India’s renewable energy industry is not as hot anymore, and jobs have become harder to come by.
Only about 12,000 new workers found employment at solar and wind projects in the financial year ended March 2019, compared with over 30,000 in the previous year, according to a report by the Council on Energy, Environment and Water (CEEW), a non-profit based in New Delhi, and the National Resources Defence Council (NRDC), another non-profit based in New York.
Slower job creation has rattled several industries in India. Though the Indian economy is growing fast, it is widely perceived as failing to provide adequate employment to a burgeoning number of young people who are ready to join the workforce.
Renewable energy jobs are created in the planning, construction, and maintenance of solar and wind farms as well as rooftop solar panels. In 2015, prime minister Narendra Modi’s government set an ambitious target to scale up India’s solar and wind power capacity to 160 gigawatts by 2022.
Capacity addition ramped up soon after the target was announced, but has slouched over the last year, with slow adoption of rooftop solar panels and investors growing wary over the viability of the large-scale projects auctioned by the government.
Though it appears increasingly unlikely, if India were to meet the renewable energy target on time, over 200,000 additional workers would enter the industry, CEEW and NRDC estimate. This is based on a formula they have developed after surveying 54 renewable energy firms for the number of new jobs created per megawatt of solar or wind capacity addition.
Roof jobs
Since it is much more labour intensive, rooftop solar technology creates far more jobs, compared with large-scale solar and wind projects.

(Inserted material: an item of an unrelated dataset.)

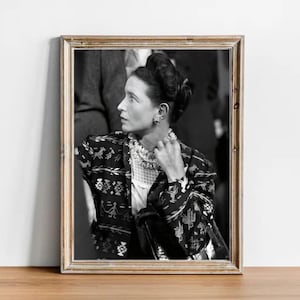 Fotografia vintage de Simone de Beauvoir - arte de parede retrô - impressão de foto de Beauvoir - pôster icônico - presente de inauguração de casa - presente inspirador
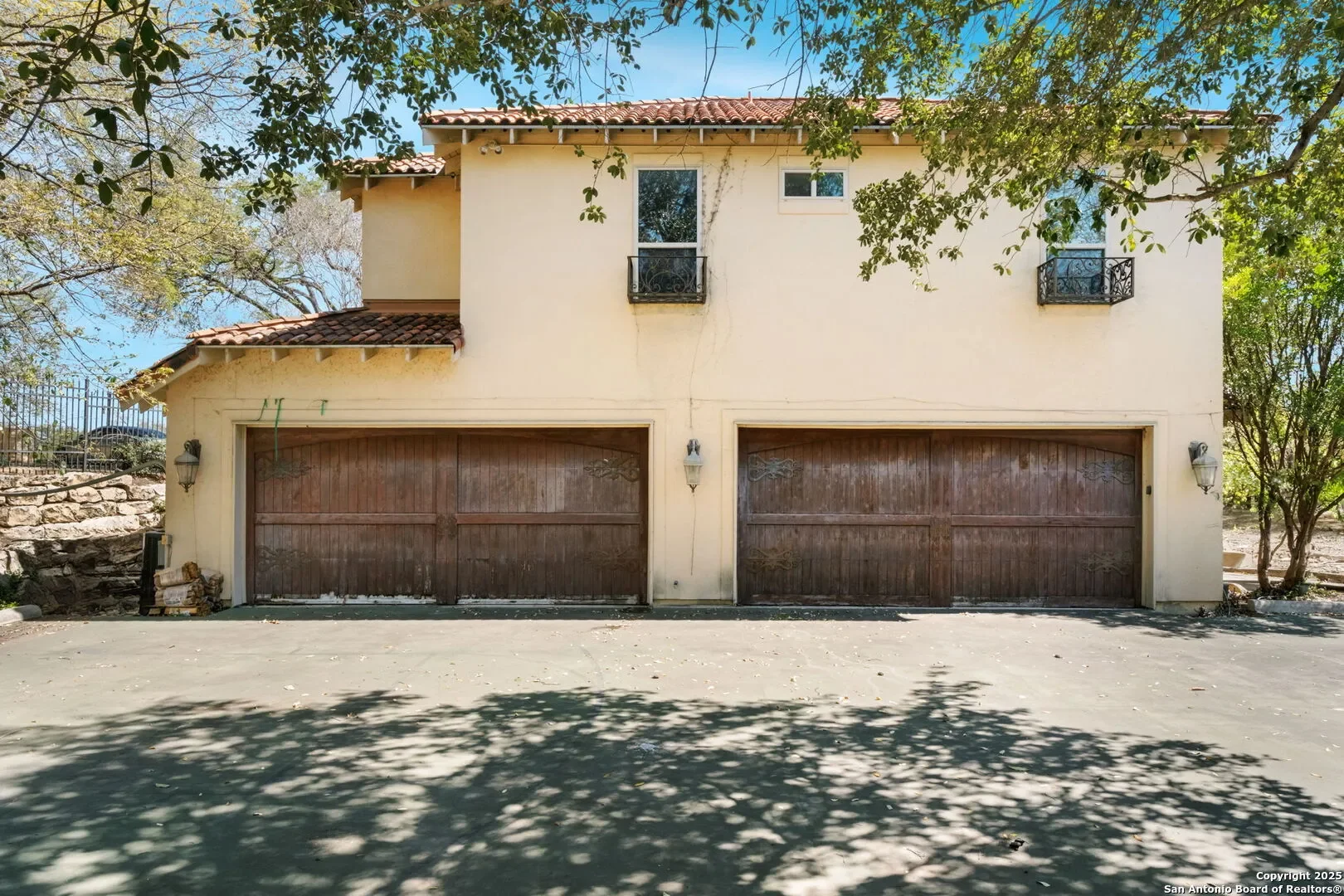 Exterior photo 6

Moreover, unlike coal-fired power plants or solar and wind farms, which are usually situated in far-off places, job opportunities in rooftop solar projects are better spread out across the country, said CEEW’s chief executive officer Arunabha Ghosh. Workers don’t have to worry about finding housing for their families, and climatic conditions are also not as harsh as, say, when working on a solar farm in the desert of northern Rajasthan state, he added.
Over the long run, rooftop solar technology can be a cheaper source of power for consumers than electricity supplied through the grid. But due to the high cost of buying the panels, it has struggled to find wider adoption among Indian households. And even though credit options are available for commercial and industrial consumers, permission regimes for setting up connections and related policies vary widely from state to state.
As a result, rooftop solar capacity currently lags the farthest from its government-set target.